The Department of Energy’s Lawrence Berkeley National Laboratory (LBNL) has released a top ten list of observations on co-located wind or solar plus energy storage (hybrid), with each of the unique ideas referencing a research paper developed by the group.
LBNL is covering this topic primarily due to the recent increases in deployment, and interest in these hybrid facilities. Assuming that future project queues can be used to predict the number of actual hybrid power projects that will get built, then let it be known that hybrid systems already make up 42% of the United State’s future potential 675 GW of solar generation capacity. California’s solar queue, for all intents and purposes, is a solar-plus-storage queue, with its 95% coupling rate.
As of the end of 2021, 5.9 GW of solar was coupled with energy storage, along with 750 MW of wind-plus-solar-plus-storage. LBNL noted the exponential growth of this type of capacity, which is up 133% since the end of 2020.

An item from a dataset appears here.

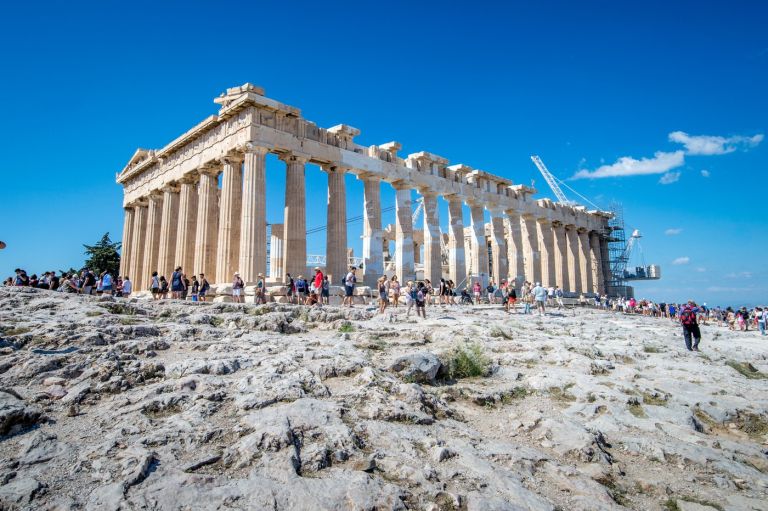 atene, grcija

The fundamental reason that solar-plus-storage works is that the price of batteries has come down to a point where it now makes financial sense. Battery pricing has declined by roughly 25%, from $40 to $95/MWh-PV in 2017, to $30 to $75/MWh PV in 2021.
Second, and more importantly, LBNL modeled the revenues versus the costs of adding batteries to solar. They found that the value gained by adding energy storage to solar and wind exceeds the costs.
Taking into account the battery inverter versus solar plant inverter size, LBNL found that adding four hours of energy storage to a power purchase agreement (PPA) increased the price of that agreement pretty linearly. Considering the most popular ratio of solar vs battery inverter capacities — 1 MW solar to 0.5 MW batteries providing four hours of storage — the addition of energy storage increases PPAs by 1¢/kWh.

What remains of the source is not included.